Mais attention, le darknet s'est développé à l'origine du fait des dissidents chinois. Sur le darknet, il n'y a pas que du grand banditisme, vous avez tous les dissidents politiques qui veulent échapper à des régimes autoritaires. Et puis vous avez la police, le renseignement, qui cherchent à voir ce qui s'y passe. Pour pouvoir le faire bien, nos services ont besoin de plus de moyens. En dépit des efforts, nous sommes loin du compte. Nous avons besoin d'une sévère montée en gamme de tous nos moyens sur le régalien, et notamment sur le renseignement. L'agrégat police-justice-renseignements représentait en 1990 4,5 % du PIB. Aujourd'hui, c'est moitié moins. Il faut renverser la vapeur. Il nous manque 30 milliards par an par rapport à 1990. Je crois qu'il y a un pacte national à trouver sur la baisse d'autres dépenses pour pouvoir remonter en gamme sur l'armée, sur la justice, sur la police, et sur les renseignements.

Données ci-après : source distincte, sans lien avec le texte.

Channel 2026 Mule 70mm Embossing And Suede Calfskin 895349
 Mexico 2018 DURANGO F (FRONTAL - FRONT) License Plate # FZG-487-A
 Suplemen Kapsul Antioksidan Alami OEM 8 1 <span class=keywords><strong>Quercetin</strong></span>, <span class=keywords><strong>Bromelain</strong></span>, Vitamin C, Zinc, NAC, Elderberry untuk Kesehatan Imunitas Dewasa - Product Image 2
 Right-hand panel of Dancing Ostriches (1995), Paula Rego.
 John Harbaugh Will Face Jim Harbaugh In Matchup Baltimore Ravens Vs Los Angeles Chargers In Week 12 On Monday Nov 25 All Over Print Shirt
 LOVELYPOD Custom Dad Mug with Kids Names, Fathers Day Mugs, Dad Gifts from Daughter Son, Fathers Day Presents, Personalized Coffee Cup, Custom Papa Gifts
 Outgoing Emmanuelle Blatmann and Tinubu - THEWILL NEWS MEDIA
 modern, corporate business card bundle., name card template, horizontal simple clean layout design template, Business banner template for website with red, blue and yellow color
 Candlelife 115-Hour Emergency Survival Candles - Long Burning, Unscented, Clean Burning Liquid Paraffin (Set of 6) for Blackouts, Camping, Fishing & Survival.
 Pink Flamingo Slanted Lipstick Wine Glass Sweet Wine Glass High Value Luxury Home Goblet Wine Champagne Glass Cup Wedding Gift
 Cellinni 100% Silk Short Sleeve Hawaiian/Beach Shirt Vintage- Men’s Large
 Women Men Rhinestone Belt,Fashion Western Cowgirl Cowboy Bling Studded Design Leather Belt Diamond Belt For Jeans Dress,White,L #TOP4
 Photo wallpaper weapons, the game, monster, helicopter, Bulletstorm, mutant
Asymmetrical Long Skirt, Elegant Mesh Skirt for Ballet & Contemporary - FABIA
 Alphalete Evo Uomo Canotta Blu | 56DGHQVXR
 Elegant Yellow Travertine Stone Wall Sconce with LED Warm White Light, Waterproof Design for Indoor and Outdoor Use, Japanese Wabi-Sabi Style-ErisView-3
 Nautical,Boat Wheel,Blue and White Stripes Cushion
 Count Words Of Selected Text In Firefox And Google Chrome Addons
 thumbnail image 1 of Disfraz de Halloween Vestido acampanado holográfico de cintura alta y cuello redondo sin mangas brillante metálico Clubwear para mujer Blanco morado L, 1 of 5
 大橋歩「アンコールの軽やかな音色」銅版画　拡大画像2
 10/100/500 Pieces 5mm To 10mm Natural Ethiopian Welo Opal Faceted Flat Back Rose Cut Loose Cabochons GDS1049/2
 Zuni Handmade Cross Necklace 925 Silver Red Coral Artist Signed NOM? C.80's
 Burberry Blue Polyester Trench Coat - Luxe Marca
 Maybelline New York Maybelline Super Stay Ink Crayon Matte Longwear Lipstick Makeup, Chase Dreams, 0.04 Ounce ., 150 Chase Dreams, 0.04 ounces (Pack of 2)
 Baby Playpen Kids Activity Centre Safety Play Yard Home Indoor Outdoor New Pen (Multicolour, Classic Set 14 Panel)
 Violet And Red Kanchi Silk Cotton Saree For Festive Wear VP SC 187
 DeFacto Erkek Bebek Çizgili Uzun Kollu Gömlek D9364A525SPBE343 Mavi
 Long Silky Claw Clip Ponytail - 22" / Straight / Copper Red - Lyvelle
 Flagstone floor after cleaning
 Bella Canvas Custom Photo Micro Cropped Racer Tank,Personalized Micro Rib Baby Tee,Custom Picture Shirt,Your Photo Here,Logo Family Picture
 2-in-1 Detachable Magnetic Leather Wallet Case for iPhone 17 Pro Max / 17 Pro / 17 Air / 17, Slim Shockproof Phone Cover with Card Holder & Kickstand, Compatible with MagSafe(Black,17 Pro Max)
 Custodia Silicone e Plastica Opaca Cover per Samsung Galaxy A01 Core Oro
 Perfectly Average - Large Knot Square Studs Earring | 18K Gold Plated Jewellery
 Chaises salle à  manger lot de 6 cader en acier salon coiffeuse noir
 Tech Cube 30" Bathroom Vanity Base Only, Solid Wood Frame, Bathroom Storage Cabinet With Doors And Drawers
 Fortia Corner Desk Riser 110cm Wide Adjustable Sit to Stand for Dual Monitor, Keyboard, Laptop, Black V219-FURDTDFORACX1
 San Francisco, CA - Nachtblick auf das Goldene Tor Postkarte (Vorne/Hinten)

Je propose également la création d'une agence de type NSA. Les enquêteurs ont découvert qu'Adel Kermiche, le terroriste de Saint-Étienne-du-Rouvray, avait annoncé son passage à l'acte à des centaines de personnes sur l'application cryptée Telegram. Nous sommes trop faibles sur la dimension technologique. Le renseignement français tout compris, c'est 2 milliards d'euros et 13 000 personnes. Le gouvernement a décidé d'augmenter les effectifs d'ici à 2017, mais cela reste modeste. La NSA, c'est 10 milliards, 35 500 personnes, 21 500 en propre et 14 000 dans la crypto des armées.
Pourquoi ces messageries échappent-elles à toute surveillance ?
Là-dessus, il y a un débat aux États-Unis comme en France. Aujourd'hui, ces messageries sont cryptées et non accessibles. La question récurrente est de savoir si on met un backdoor, c'est-à-dire la possibilité pour les services de renseignements de pénétrer ces messageries. Il y a eu un conflit récemment aux États-Unis. La partie numérique a résisté contre la CIA.
J'ai posé la même question en France, lors du débat sur la loi numérique. Sans succès. Je comprends les résistances. Si vous créez un backdoor, vous fragilisez le système. Des gens malveillants pourront entrer dans votre téléphone, pas seulement les services. Et par ailleurs, vous ne trouverez pas forcément la martingale pour traquer les terroristes parce qu'ils utilisent aussi d'autres moyens de communication (téléphones jetables, brouillons de leurs boîtes mails, etc.). Mais enfin, c'est un nouvel outil pour nos services, qui le réclament. La question mérite au moins d'être posée.